No caso do ensino superior, o estudante pode até achar que todo produto é igual, assim como ele pode colocar combustível em qualquer posto e a única diferença é o preço final na bomba. Mas eu entendo que os gestores de IES não podem pensar dessa forma, e se contentar em ofertar commodities para o mercado educacional como defendem alguns dealers desse mercado.

É discutível que uma IES se sinta confortável em oferecer um produto educacional homogêneo e padronizado, que pode limitar a criatividade e a inovação de professores e estudantes. Ao tornarem-se consumidoras de commodities, as IES correm o risco de lentamente abdicarem de ser instituições que geram conhecimento e fomentam novas ideias. Pode ser um exagero, mas será que caminhamos para uma situação em que nossas instituições de ensino superior se tornarão apenas “intermediárias” entre as empresas que produzem produtos educacionais e os estudantes consumidores?

No EAD, por exemplo, as IES tendem a tornar o conteúdo e o modelo acadêmico mais homogêneo e a fazer produção em larga escala. Nessa perspectiva, muitas IES passaram a optar pela compra de conteúdo padronizado, em função do custo e da complexidade em produzir o seu próprio conteúdo.

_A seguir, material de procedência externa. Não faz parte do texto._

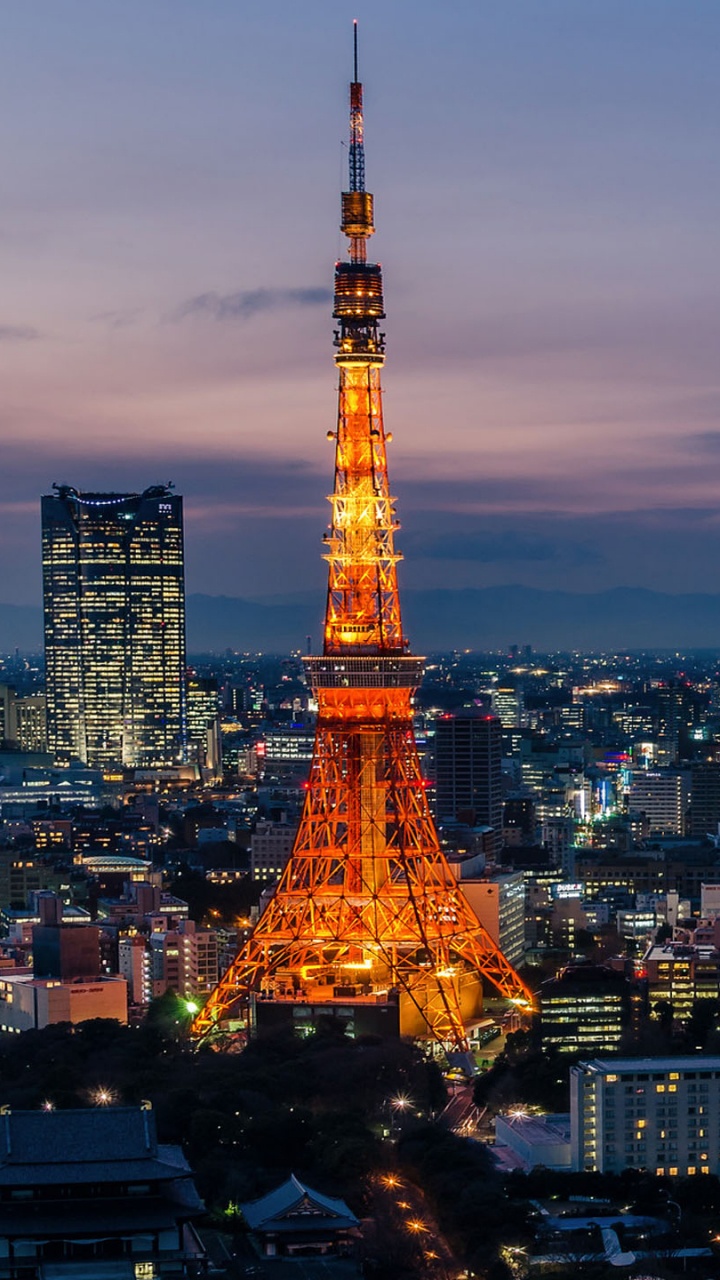 Eiffelturm in Paris Während Der Nacht. Wallpaper in 720x1280 Resolution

Afinal, não são todos os professores que conseguem produzir bons conteúdos, ou que possuam tempo para a sua produção. Essa é uma atividade que requer conhecimento pedagógico, capacidade de redação, experiência com o aprendizado dos estudantes e conhecimento sobre as tecnologias educacionais disponíveis.  Esses elementos servem de justificativa para os que defendem a compra de conteúdos de empresas A ou B: é mais barato comprar do que produzir. A “comoditização” do conteúdo torna mais fácil o controle, o custo é menor e é possível reduzir o número de pessoas envolvidas nas atividades acadêmicas, enfim, há um ganho em escala.

Mas padronizações podem funcionar como uma camisa de força, assim como as apostilas dos cursinhos preparatórios para o vestibular. E, ainda que os possíveis danos das padronizações possam ser reduzidos pela criatividade, pelas metodologias ativas, pelo professor engajado com o aprendizado, a IES corre o risco de oferecer conteúdos mais iguais do que diferentes.

Há anos temos assistido à “comoditização” do ensino superior, através dos currículos que possuem uma estrutura semelhante, do uso dos livros e apostilas, e da repetição dos conteúdos e do modelo de aula. Mais recentemente esse processo tem se caracterizado pela compra de conteúdos e pelo uso de plataformas. Mas, se as IES são semelhantes, como o estudante vai decidir onde estudar?

O conteúdo oferecido por uma IES deve representar um conjunto de valores e atitudes que se espera dos estudantes, além de habilidades e competências que garantem a sua formação acadêmica, e deve expressar uma concepção de currículo e, obviamente, um modelo acadêmico.  Portanto, a sua compra requer cuidado e análise. O que serve para uma IES não necessariamente pode servir para outra.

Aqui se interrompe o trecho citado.